Requirement | Begin at the line containing "After the installation" in the data below and go on through the line containing "You can just", repeating each line exactly; include both ends and no other line.

════════

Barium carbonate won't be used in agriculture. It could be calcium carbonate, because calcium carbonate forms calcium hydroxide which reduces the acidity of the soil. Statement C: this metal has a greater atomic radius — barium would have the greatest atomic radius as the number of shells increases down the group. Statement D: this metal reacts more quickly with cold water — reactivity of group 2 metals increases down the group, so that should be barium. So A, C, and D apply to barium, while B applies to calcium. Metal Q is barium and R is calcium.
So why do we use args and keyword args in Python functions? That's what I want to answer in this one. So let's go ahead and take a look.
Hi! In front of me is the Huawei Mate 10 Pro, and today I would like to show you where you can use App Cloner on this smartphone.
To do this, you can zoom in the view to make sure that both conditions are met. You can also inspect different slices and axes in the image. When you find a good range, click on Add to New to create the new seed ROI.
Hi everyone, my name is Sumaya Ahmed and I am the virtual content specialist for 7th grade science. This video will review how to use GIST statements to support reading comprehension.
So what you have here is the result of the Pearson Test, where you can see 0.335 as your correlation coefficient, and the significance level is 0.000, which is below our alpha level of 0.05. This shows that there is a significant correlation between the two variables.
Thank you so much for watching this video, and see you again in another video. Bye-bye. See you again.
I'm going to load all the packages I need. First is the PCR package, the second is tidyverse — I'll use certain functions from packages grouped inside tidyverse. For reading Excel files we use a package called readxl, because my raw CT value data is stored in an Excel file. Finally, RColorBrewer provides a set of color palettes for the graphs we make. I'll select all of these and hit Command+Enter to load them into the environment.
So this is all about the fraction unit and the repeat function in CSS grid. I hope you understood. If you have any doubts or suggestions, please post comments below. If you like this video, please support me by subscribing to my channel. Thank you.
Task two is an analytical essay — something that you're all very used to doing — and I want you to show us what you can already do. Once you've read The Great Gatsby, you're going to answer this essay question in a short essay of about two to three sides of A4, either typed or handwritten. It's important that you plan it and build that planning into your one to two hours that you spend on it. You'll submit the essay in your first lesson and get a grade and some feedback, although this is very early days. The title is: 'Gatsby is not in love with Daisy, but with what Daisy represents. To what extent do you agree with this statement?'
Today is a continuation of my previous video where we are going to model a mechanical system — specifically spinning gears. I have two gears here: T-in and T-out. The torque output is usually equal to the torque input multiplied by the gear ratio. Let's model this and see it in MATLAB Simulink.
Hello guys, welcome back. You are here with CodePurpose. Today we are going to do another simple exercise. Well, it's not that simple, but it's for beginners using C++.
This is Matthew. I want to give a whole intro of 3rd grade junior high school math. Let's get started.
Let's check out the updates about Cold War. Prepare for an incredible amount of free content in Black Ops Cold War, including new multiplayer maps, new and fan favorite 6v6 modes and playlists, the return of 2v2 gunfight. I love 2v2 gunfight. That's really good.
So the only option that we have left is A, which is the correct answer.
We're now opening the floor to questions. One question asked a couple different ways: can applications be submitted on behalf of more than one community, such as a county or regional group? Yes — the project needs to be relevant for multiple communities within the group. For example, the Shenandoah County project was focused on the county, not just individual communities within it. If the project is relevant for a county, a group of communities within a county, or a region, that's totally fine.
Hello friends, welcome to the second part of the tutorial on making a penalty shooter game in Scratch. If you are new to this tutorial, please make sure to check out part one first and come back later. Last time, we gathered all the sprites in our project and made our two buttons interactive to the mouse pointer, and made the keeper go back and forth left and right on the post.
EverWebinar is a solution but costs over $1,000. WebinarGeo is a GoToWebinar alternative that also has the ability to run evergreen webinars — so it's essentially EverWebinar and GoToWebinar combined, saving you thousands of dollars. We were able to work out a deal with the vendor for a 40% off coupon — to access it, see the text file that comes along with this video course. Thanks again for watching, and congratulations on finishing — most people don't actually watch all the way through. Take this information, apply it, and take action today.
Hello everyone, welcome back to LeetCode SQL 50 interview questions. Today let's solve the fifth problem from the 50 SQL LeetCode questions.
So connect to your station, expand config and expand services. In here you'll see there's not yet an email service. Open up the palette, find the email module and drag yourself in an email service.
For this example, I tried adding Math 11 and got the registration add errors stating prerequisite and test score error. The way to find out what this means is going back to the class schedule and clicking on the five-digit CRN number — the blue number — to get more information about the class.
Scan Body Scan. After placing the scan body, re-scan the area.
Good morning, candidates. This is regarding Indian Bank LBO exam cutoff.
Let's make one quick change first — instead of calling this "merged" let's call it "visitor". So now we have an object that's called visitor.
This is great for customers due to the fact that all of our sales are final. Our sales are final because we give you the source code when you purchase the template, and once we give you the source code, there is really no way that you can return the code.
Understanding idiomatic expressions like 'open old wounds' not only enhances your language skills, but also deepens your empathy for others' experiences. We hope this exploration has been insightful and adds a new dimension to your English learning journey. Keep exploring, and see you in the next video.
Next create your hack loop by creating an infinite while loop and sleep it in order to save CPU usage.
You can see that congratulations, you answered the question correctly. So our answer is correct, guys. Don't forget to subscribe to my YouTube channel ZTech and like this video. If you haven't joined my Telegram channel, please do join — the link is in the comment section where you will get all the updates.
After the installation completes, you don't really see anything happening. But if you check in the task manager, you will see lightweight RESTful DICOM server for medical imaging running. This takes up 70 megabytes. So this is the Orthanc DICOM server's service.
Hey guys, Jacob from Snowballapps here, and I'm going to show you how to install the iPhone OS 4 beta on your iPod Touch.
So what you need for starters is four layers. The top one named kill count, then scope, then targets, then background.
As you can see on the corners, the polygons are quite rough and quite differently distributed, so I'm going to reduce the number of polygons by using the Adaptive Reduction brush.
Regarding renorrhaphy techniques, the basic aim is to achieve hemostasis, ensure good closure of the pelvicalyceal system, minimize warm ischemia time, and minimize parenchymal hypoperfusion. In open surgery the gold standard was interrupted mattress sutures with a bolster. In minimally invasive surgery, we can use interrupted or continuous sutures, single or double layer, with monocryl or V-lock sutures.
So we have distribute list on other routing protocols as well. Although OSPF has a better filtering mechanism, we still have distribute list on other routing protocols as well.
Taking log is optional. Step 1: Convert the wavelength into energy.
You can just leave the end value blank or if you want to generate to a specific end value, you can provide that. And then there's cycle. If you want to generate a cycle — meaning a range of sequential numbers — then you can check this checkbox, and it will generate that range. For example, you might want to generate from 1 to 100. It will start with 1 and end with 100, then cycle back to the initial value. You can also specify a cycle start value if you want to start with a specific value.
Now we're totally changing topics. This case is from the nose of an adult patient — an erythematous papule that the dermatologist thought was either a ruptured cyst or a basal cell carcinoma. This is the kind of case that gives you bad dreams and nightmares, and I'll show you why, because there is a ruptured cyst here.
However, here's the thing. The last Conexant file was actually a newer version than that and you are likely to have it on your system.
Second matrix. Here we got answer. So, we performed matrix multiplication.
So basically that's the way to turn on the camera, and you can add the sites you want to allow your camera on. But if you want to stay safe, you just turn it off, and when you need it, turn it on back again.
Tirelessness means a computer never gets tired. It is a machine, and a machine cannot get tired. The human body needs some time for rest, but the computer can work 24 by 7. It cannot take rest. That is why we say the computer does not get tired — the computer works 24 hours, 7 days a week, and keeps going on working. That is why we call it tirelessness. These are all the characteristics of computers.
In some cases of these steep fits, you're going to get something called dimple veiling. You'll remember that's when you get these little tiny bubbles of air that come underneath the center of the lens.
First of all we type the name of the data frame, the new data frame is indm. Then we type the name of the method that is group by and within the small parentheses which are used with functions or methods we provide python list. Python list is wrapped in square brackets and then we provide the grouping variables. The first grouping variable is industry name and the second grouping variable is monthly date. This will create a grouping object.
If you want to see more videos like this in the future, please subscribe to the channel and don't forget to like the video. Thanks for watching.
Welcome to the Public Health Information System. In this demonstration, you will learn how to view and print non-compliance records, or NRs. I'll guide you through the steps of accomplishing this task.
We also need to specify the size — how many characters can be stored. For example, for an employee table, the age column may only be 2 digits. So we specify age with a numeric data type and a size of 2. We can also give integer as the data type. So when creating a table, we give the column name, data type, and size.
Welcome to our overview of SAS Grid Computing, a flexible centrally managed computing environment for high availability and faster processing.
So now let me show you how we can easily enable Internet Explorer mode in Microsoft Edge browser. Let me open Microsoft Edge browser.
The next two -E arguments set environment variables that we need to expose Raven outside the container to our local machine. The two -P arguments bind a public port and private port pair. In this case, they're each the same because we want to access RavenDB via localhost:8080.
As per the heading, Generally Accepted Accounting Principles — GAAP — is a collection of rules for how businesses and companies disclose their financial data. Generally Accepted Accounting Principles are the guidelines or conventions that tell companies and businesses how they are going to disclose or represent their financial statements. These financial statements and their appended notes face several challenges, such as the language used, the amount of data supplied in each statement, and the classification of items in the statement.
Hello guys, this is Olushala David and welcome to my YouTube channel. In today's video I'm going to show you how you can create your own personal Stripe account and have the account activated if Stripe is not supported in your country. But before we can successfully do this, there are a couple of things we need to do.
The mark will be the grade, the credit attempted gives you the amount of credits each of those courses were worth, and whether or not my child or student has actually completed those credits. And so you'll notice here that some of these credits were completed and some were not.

════════

Exercise answer |
After the installation completes, you don't really see anything happening. But if you check in the task manager, you will see lightweight RESTful DICOM server for medical imaging running. This takes up 70 megabytes. So this is the Orthanc DICOM server's service.
Hey guys, Jacob from Snowballapps here, and I'm going to show you how to install the iPhone OS 4 beta on your iPod Touch.
So what you need for starters is four layers. The top one named kill count, then scope, then targets, then background.
As you can see on the corners, the polygons are quite rough and quite differently distributed, so I'm going to reduce the number of polygons by using the Adaptive Reduction brush.
Regarding renorrhaphy techniques, the basic aim is to achieve hemostasis, ensure good closure of the pelvicalyceal system, minimize warm ischemia time, and minimize parenchymal hypoperfusion. In open surgery the gold standard was interrupted mattress sutures with a bolster. In minimally invasive surgery, we can use interrupted or continuous sutures, single or double layer, with monocryl or V-lock sutures.
So we have distribute list on other routing protocols as well. Although OSPF has a better filtering mechanism, we still have distribute list on other routing protocols as well.
Taking log is optional. Step 1: Convert the wavelength into energy.
You can just leave the end value blank or if you want to generate to a specific end value, you can provide that. And then there's cycle. If you want to generate a cycle — meaning a range of sequential numbers — then you can check this checkbox, and it will generate that range. For example, you might want to generate from 1 to 100. It will start with 1 and end with 100, then cycle back to the initial value. You can also specify a cycle start value if you want to start with a specific value.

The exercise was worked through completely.